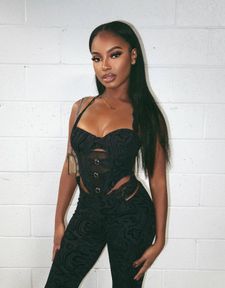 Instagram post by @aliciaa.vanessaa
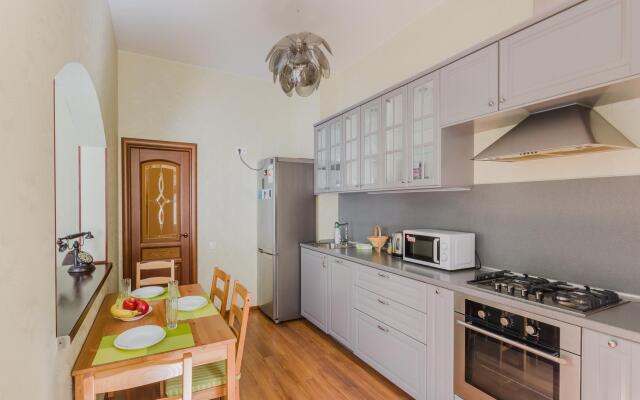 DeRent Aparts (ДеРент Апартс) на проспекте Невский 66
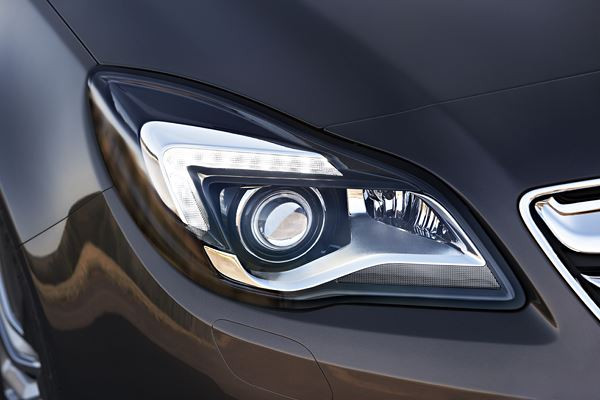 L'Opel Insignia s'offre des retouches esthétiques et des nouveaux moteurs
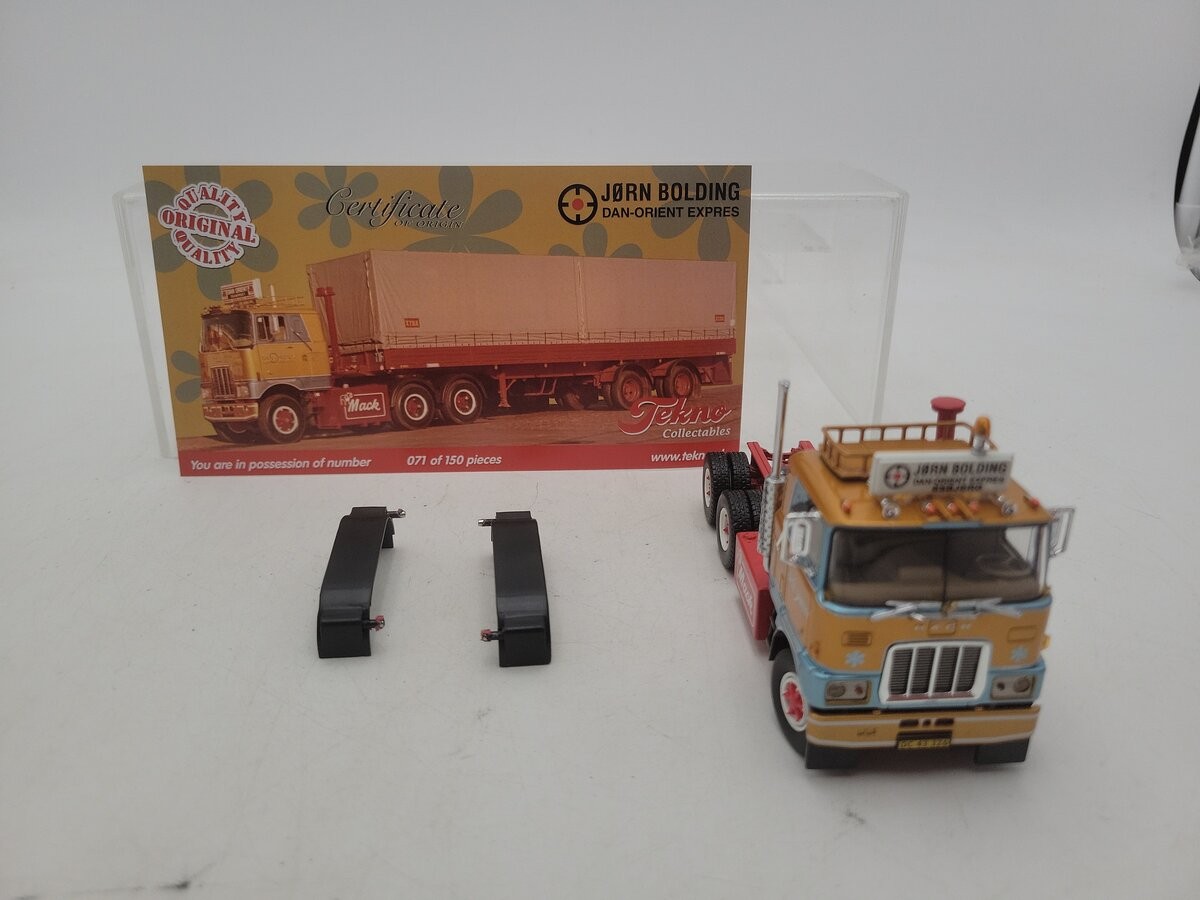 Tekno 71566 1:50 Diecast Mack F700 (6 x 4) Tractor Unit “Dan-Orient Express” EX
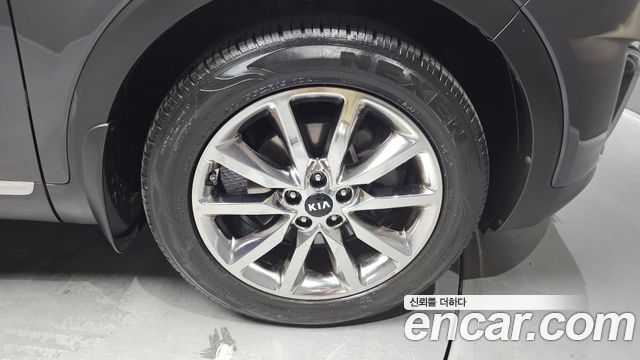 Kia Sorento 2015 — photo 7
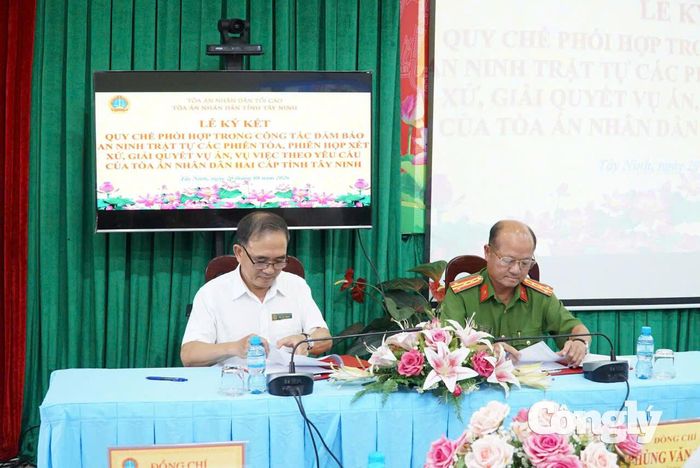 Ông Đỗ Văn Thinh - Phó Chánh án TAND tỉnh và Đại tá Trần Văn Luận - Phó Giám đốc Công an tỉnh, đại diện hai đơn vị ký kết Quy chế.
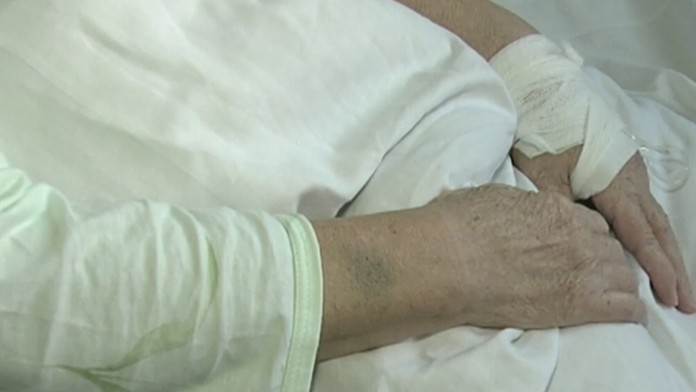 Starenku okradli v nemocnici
···
Your task: Print the lines from the line containing "Kia Sorento 2015 — photo 7" through the last line of the listing, exactly as they stand, and leave any pictures out.

Answer for this exercise:
 Kia Sorento 2015 — photo 7
 Ông Đỗ Văn Thinh - Phó Chánh án TAND tỉnh và Đại tá Trần Văn Luận - Phó Giám đốc Công an tỉnh, đại diện hai đơn vị ký kết Quy chế.
 Starenku okradli v nemocnici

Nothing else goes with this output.